Booker wrote for The Garry Moore Show during the late 1960s and also contributed to The Ed Sullivan Show, as well as other variety programs. When Hollywood came calling, he relocated to Los Angeles and produced the motion picture The Phynx in 1970. He returned to television and produced numerous TV shows from the 1970s to the 1990s, including The NBC Follies and Fifty Years of Country Music. He partnered with Burt Reynolds, producing two network pilot specials: Cotton Club '75 and The Wayne Newton Special. In 1977, Paramount hired him to create television specials to promote their feature film releases: American Hot Wax, Foul Play and Grease. In 1987, Booker created the syndicated teen fantasy sitcom Out of This World starring Maureen Flannigan and Donna Pescow. He produced numerous "outtake" shows and established an extensive comedy videotape library for his shows Foul-Ups, Bleeps & Blunders with Don Rickles and Steve Lawrence, Comedy Break and The Hit Squad. He would continue to market the TV library globally for decades.

==Personal life and death==
Booker donated many of his personal television scripts to the Writers Guild Foundation Archive.
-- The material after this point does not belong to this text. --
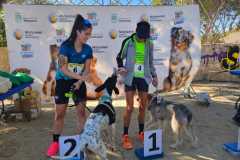PR-entrega-012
The original master tapes of his albums The First Family and The First Family Volume Two were donated to President John F. Kennedy's library in Boston at the request of Caroline Kennedy and are on display in the library, along with a Gold Album of the first album.

Booker lived in Northern California with his wife of 55 years, Barbara Noonan Booker, who partnered and co-produced programming with her husband on the four major networks and in syndication. During the final years of his life, Booker continued working on a variety of projects, following his grandfather's advice that one should "never retire"; he was working on a prospective project until days before his death from heart failure at his home in Tiburon, California on July 12, 2024, at age 92.

==Album work==
A partial list of his album credits:

- You Don't Have to Be Jewish (1964)
- When You're in Love, the Whole World is Jewish (1965)
- Al Tijuana & His Jewish Brass (1966)
- The Yiddish are Coming! The Yiddish are Coming! (1967)
- The New First Family (1966) (No. 72 US)
- Scream On Someone You Love Today (1967)
- The New First Family 1968: A Futuristic Fairy Tale (1968)
- Beware of Greeks Bearing Gifts (1968) (No. 190 US)
- The Handwriting On the Wall (The Sounds Of Graffiti) (1968)
- Pat McCormick Tells It Like It Is (1968)
- The Jewish American Princess (1971) (No. 183 US)
- Out of the Closet (1977)

==Television work==
A partial list of his television credits:

- The NBC Follies (1973)
- Cotton Club '75 (1974)
- Charo (1976)
- The Paul Lynde Halloween Special (1976)
- Fifty Years of Country Music (1978)
- Grease Day USA (1978)
- Waylon (1980)
- Christmas Gold (1982)
- The Best Little Special in Texas (1982)
- The Funniest Commercial Goofs (1983)
- Foul-Ups, Bleeps & Blunders (1983–84)
- The Love Boat Fall Preview Special (1984)
- Anything for a Laugh (1985)
- Comedy Break (1985)
- Rickles on the Loose (1986)
- The Hit Squad (1987)
- Out of This World (1987–91)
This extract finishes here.